Computer scientists and policy experts say that such seemingly innocuous bits of self-revelation can increasingly be collected and reassembled by computers to help create a picture of a person’s identity, sometimes down to the Social Security number.
“Technology has rendered the conventional definition of personally identifiable information obsolete,” said Maneesha Mithal, associate director of the Federal Trade Commission’s privacy division. “You can find out who an individual is without it.”
In a project at the Massachusetts Institute of Technology publicized last year, Carter Jernigan and Behram Mistree analyzed more than 4,000 Facebook profiles of students, including links to friends who said they were gay. The pair was able to predict, with 78 percent accuracy, whether a profile belonged to a gay male. So far, this powerful data mining, which relies on sophisticated statistical correlations, is mostly in the realm of university researchers, not identity thieves and marketers.
In social networks, people can increase their defenses against identification by adopting privacy controls on information in personal profiles. Yet an individual’s actions, researchers say, are rarely enough to protect privacy on the Internet.

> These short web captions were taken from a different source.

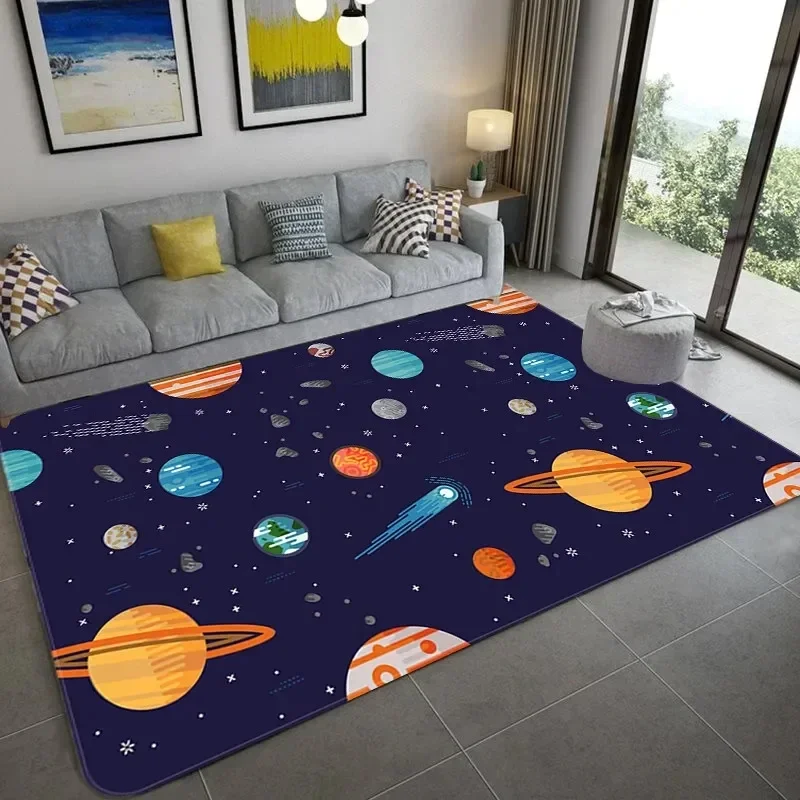Galaxy Home Textiles - Karikatür Uzay Astronot Halı Galaxy Evren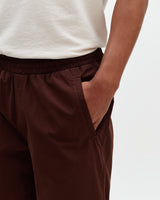 wax london men's Tyne - Dark Brown Cotton Poplin Loose Fit Trousers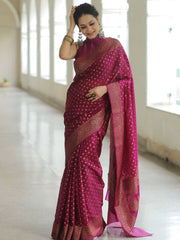 Trendy Banarasi Silk Pink Color Saree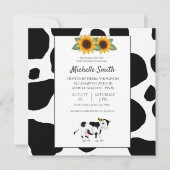 Cute Cow Print Sunflower Baby Shower Kaart (Voorkant)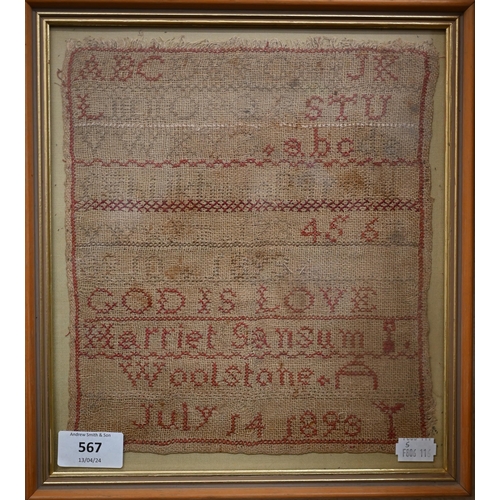 567 - A 19th century cross-stitch sampler by Helen Samsum, Woolstone (Southampton), July 14 1898, 24 x 22c... 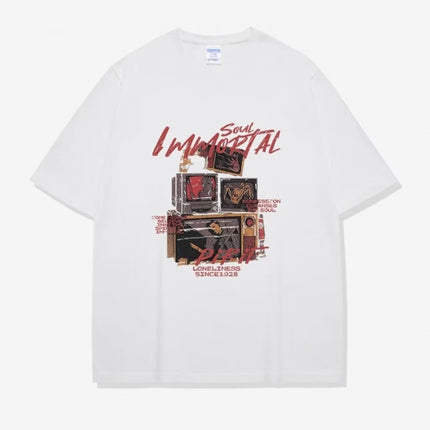 American Retro Short Sleeve T-shirt Men — White
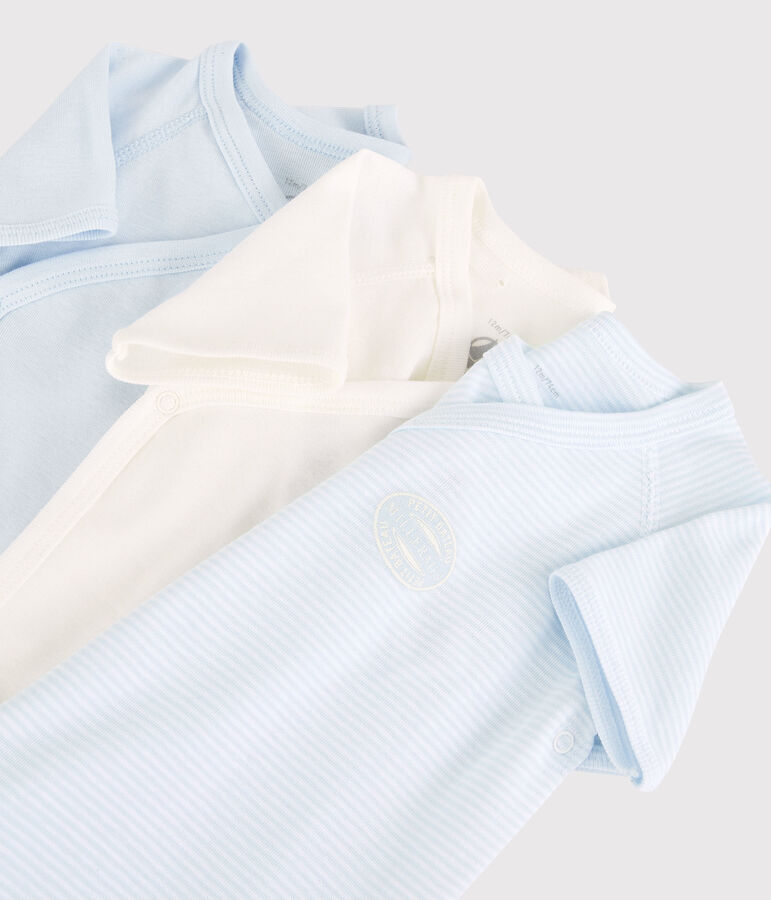 Confezione da 3 body incrociati millerighe manica corta beb&egrave; in cotone biologico multicolore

You may not disclose personal information, but your online friends and colleagues may do it for you, referring to your school or employer, gender, location and interests. Patterns of social communication, researchers say, are revealing.
“Personal privacy is no longer an individual thing,” said Harold Abelson, the computer science professor at M.I.T. “In today’s online world, what your mother told you is true, only more so: people really can judge you by your friends.”
Collected together, the pool of information about each individual can form a distinctive “social signature,” researchers say.
The power of computers to identify people from social patterns alone was demonstrated last year in a study by Vitaly Shmatikov, an associate professor of computer science at the University of Texas, and Arvind Narayanan, now a researcher at Stanford University.
By examining correlations between various online accounts, the scientists showed that they could identify more than 30 percent of the users of both Twitter, the microblogging service, and Flickr, an online photo-sharing service, even though the accounts had been stripped of identifying information like account names and e-mail addresses.
“When you link these large data sets together, a small slice of our behavior and the structure of our social networks can be identifying,” Mr. Shmatikov said.
Even more unnerving to privacy advocates is the work of two researchers from Carnegie Mellon University in Pittsburgh. In a paper published last year, they reported that they could predict the full, nine-digit Social Security numbers for 8.5 percent of the people born in the United States between 1989 and 2003 ? nearly five million individuals.
Social Security numbers are prized by identity thieves because they are used both as identifiers and to authenticate banking, credit card and other transactions.
The Carnegie Mellon researchers used publicly available information from many sources, including profiles on social networks, to narrow their search for two pieces of data crucial to identifying people - birthdates and city or state of birth.